There were countless club stands present with our near neighbours comprising such groups as; the Simca Club, Blood Sweat N Gears, Dunton Retirees Car Club, Vauxhall Drivers’ Club, Wacky Racers and the Afro Caribbean Classic/Sports Car Club. Other Jag Regions were represented by the JDC Kent, and the JEC West Sussex. The One-Make Parking was nearby. This is the place where fans of many popular makes come together to form single brand displays. Generally, these are vehicles manufactured before 1997 although there is a section set aside to cater for later models.
Entertainment was laid on with interviews with Tiff Needell and Ben “Stig” Collins, a 50’s Rock & Roll band, Motor Cycle Stunt Team, Club Awards and, as they say…much more. You could even see car wrapping demonstrations – check out the turquoise Audi A8.
The major car manufacturers also lent some of their prized collectibles to the event, including a Datsun 240Z, a Suzuki Whizzkid (I joke not) and a Vauxhall Victor FE.

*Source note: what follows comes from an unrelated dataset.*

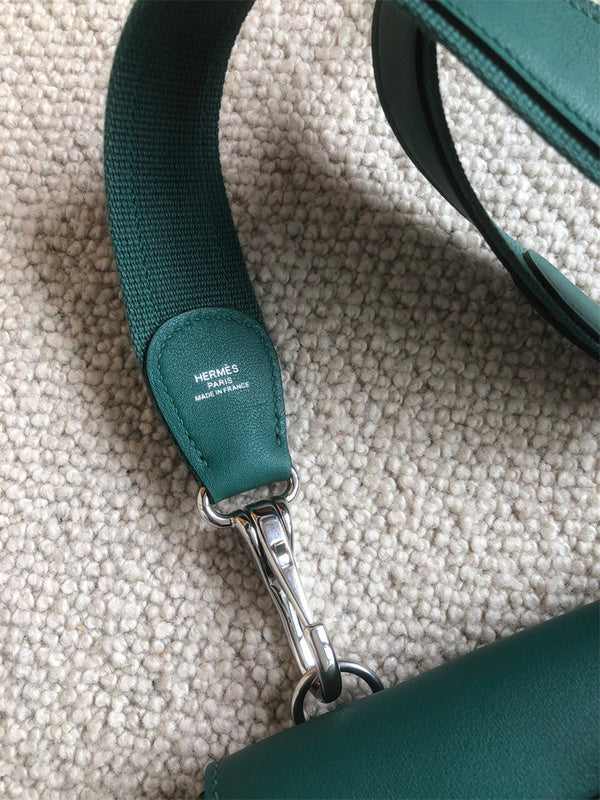 PHA - HMS Bags - 879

Modern Classics are becoming ever more popular at these events as the boys/girls a couple of generations younger than us become able to afford the cars they lusted after in their youth. You could see clubs catering for; Subaru, Ford XR3i’s,
Cosworths, M Series. The list goes on, but I must also include the Nissan Cube and the Ford Galaxy Clubs.
No, the latter doesn’t represent the 60’s American icons that finally did it for the racing Mk2’s, but the people carrier that we are so familiar with if you do the airport run often. These appeared to be highly modded beasts with “interesting” engine bays. Sadly I did not learn what lumps were shoe horned under the bonnets, but I doubt they were used to take Granny and the kids to Bognor Regis.

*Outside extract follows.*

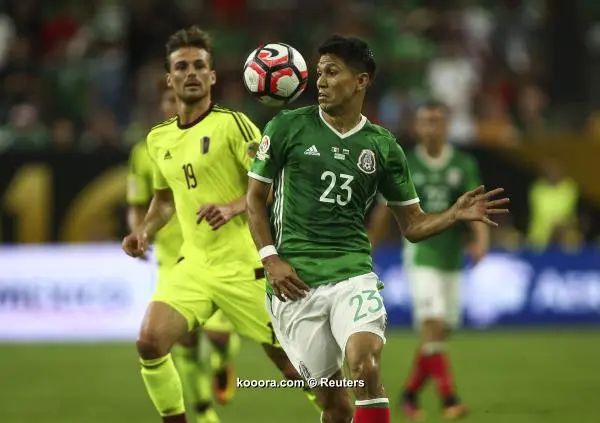 ?i=reuters%2f2016-06-14%2f2016-06-14t010350z_733132469_nocid_rtrmadp_3_soccer-2016-copa-america-centenario-mexico-at-venezuela_reuters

During such shows, we often play “Which Car Would I Take Home?” This show proved no exception with Richard Gibby correctly identifying mine before I’d even seen it. It will come as no surprise that it was American iron in the shape of a Chrysler New Port convertible of 1961 vintage resplendent in metallic Dubonet and white leather.

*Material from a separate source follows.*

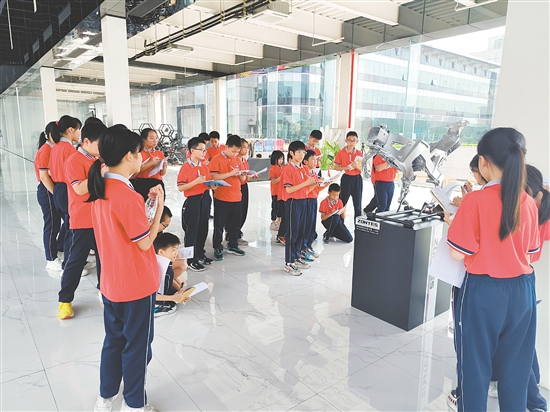 學(xué)生們走進企業(yè)，近距離感受智能工業(yè)的魅力。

This car was really special having had only two previous owners and with a genuine 8,200 miles on the odometer. Look underneath – and we did – the car looked like it had just rolled from the production line. Not concourse, far better – factory fresh. The fact that it had spent much of its life in a collection naturally helped. Still with the car were the jacking instructions stuck on the boot lining and the paint colour choice card. For those interested, the New Port shared its wheel base with the Windsor and, like that car, was around 4 inches shorter than the New Yorker and top of the range Imperial. Whilst it was the cheapest of the Chrysler range, it did possess a 5.9 litre 265 bhp V8 nestling below the ample bonnet. 2,135 convertibles were manufactured in 1961, making this car quite rare for an American model.
Around 2.30pm people started to leave and by 4pm the exodus was gathering momentum. Most probably the heat was a factor and despite the Beer Bus, we too were feeling the temperature and left shortly afterwards.
A good show – yes. Let’s try to make it again next year.